Nadie miraba la tele, pero todos la oíamos, que seríamos unos diez parroquianos respetuosos con el prójimo, sin gritos ni estridencias. Entonces, una de las clientas, que parecía habitual, eleva la voz:
-En la tele, nada más que noticias desagradables. ¿No podían poner algo bonito o positivo, para variar?
Responde la encargada de la cafetería, desde detrás de la barra:
-Es lo que que vende, nada más que malas noticias y tragedias…
La conversación no fue a más y se volvió a extender un cierto silencio en el ambiente. Todos seguimos a lo nuestro, unos leyendo el periódico, otros mirando al móvil, los de más allá hablando quedo entre ellos…
Mientras, la tele seguía desgranando con pelos y señales lo brutal del asesinato. Y todos continuamos escuchando aquel desagradable runrún que, la verdad sea dicha, hacía bastante indigeribles las tostadas, sobre todo, las de mermelada de fresa y las de tomate.
Ni que decir tiene que a los responsables de la cafetería no se les ocurrió apagar la tele y poner música, por ejemplo. Ni tan siquiera cambiar de canal. Los clientes, mansurrones, tampoco dijimos esta boca es mía.
Y, como si de una maldición bíblica se tratara, como si nos enfrentáramos a un fenómeno de la naturaleza contra el que nada se puede hacer, ayer lunes desayunamos rodeados por la sangre y las vísceras excretadas por la pantalla de la televisión pública, poniéndonos al día de las venganzas entre narcotraficantes, sus luchas intestinas y sus códigos mafiosos, que era la clave con la que los tertulianos interpretaban el crimen.

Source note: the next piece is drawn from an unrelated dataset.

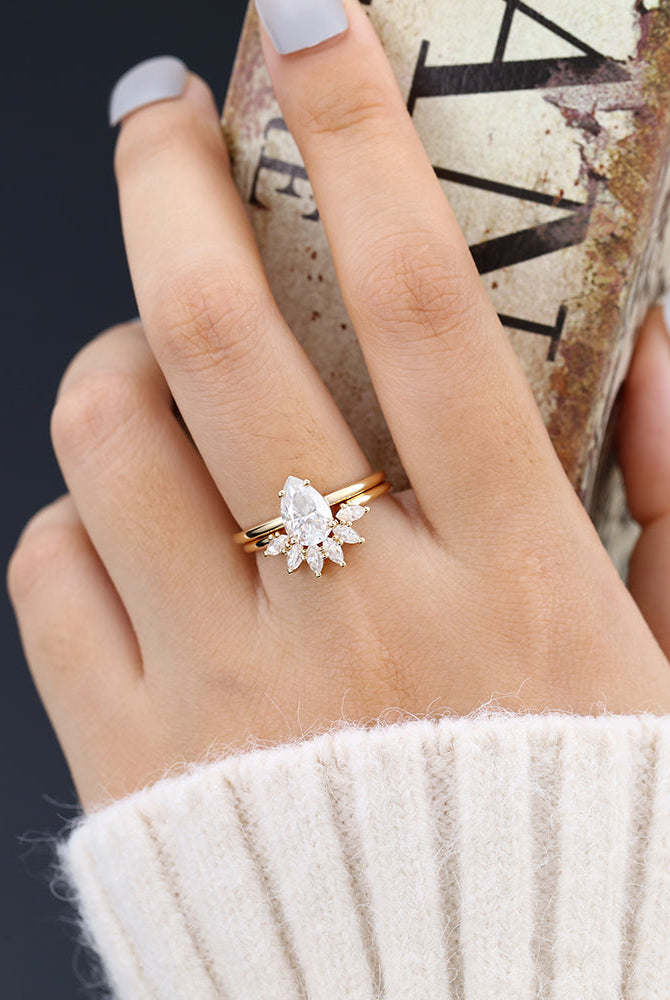 pear-moissanite-solitaire-bridal-ring-set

Reconozco que estuve tentado de pedir que quitaran aquella bazofia, pero no soy habitual de la cafetería, iba con prisa y no quise quedar como un melindres, un caprichoso o un mala follá.
Estoy convencido de que una gran mayoría de los presentes hubieran agradecido que alguien dijera en voz alta que, por favor, quitaran esa mierda de la televisión. Pero a nadie se le ocurrió.